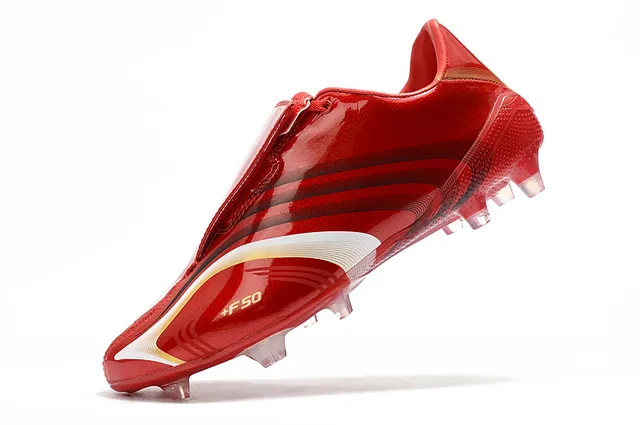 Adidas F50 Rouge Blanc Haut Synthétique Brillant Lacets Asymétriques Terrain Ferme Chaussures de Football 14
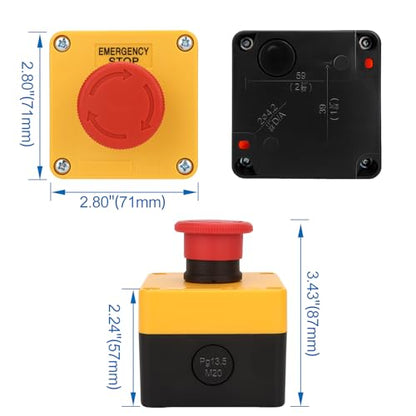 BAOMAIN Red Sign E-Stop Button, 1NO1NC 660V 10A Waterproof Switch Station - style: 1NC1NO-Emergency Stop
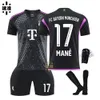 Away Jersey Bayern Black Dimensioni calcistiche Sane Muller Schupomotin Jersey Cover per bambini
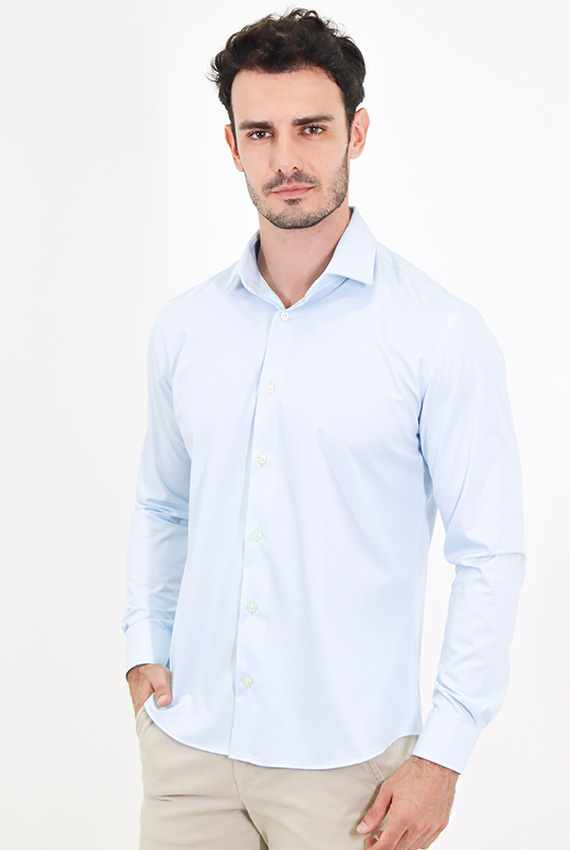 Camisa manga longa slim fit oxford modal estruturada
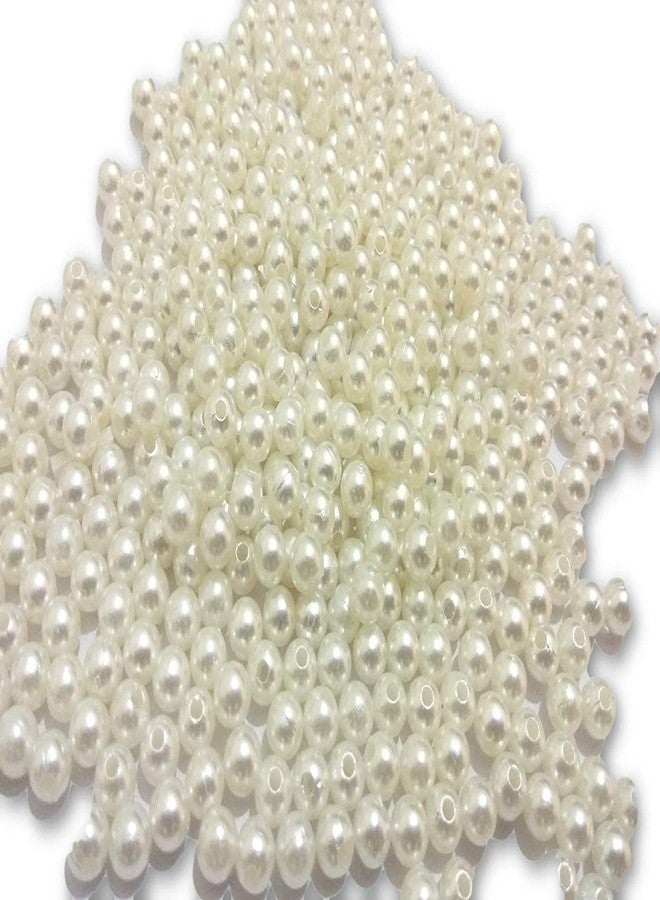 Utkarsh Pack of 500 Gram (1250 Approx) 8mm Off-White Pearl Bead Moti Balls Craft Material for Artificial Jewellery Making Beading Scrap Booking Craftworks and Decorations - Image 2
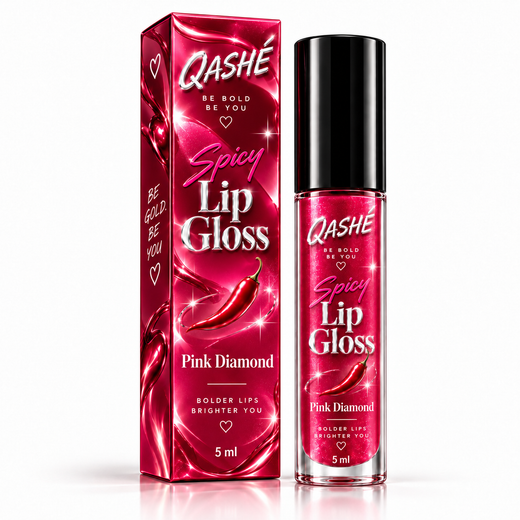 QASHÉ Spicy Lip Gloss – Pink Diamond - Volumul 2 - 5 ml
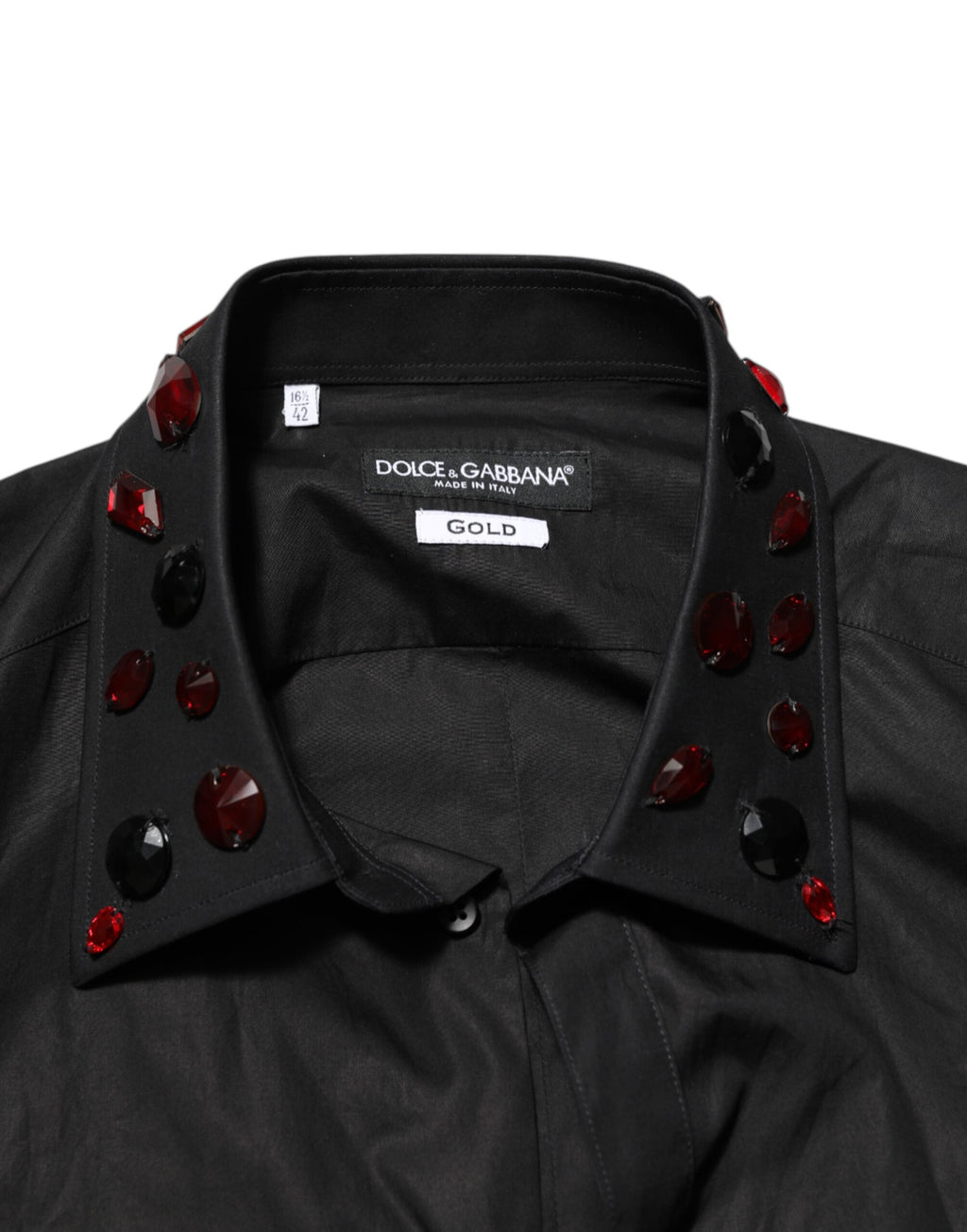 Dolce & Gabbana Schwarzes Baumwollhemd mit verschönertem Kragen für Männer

- - -

Task directions: Please print the entries above exactly. Skip every picture.

Result of this exercise:
 Adidas F50 Rouge Blanc Haut Synthétique Brillant Lacets Asymétriques Terrain Ferme Chaussures de Football 14
 BAOMAIN Red Sign E-Stop Button, 1NO1NC 660V 10A Waterproof Switch Station - style: 1NC1NO-Emergency Stop
 Away Jersey Bayern Black Dimensioni calcistiche Sane Muller Schupomotin Jersey Cover per bambini
 Camisa manga longa slim fit oxford modal estruturada
 Utkarsh Pack of 500 Gram (1250 Approx) 8mm Off-White Pearl Bead Moti Balls Craft Material for Artificial Jewellery Making Beading Scrap Booking Craftworks and Decorations - Image 2
 QASHÉ Spicy Lip Gloss – Pink Diamond - Volumul 2 - 5 ml
 Dolce & Gabbana Schwarzes Baumwollhemd mit verschönertem Kragen für Männer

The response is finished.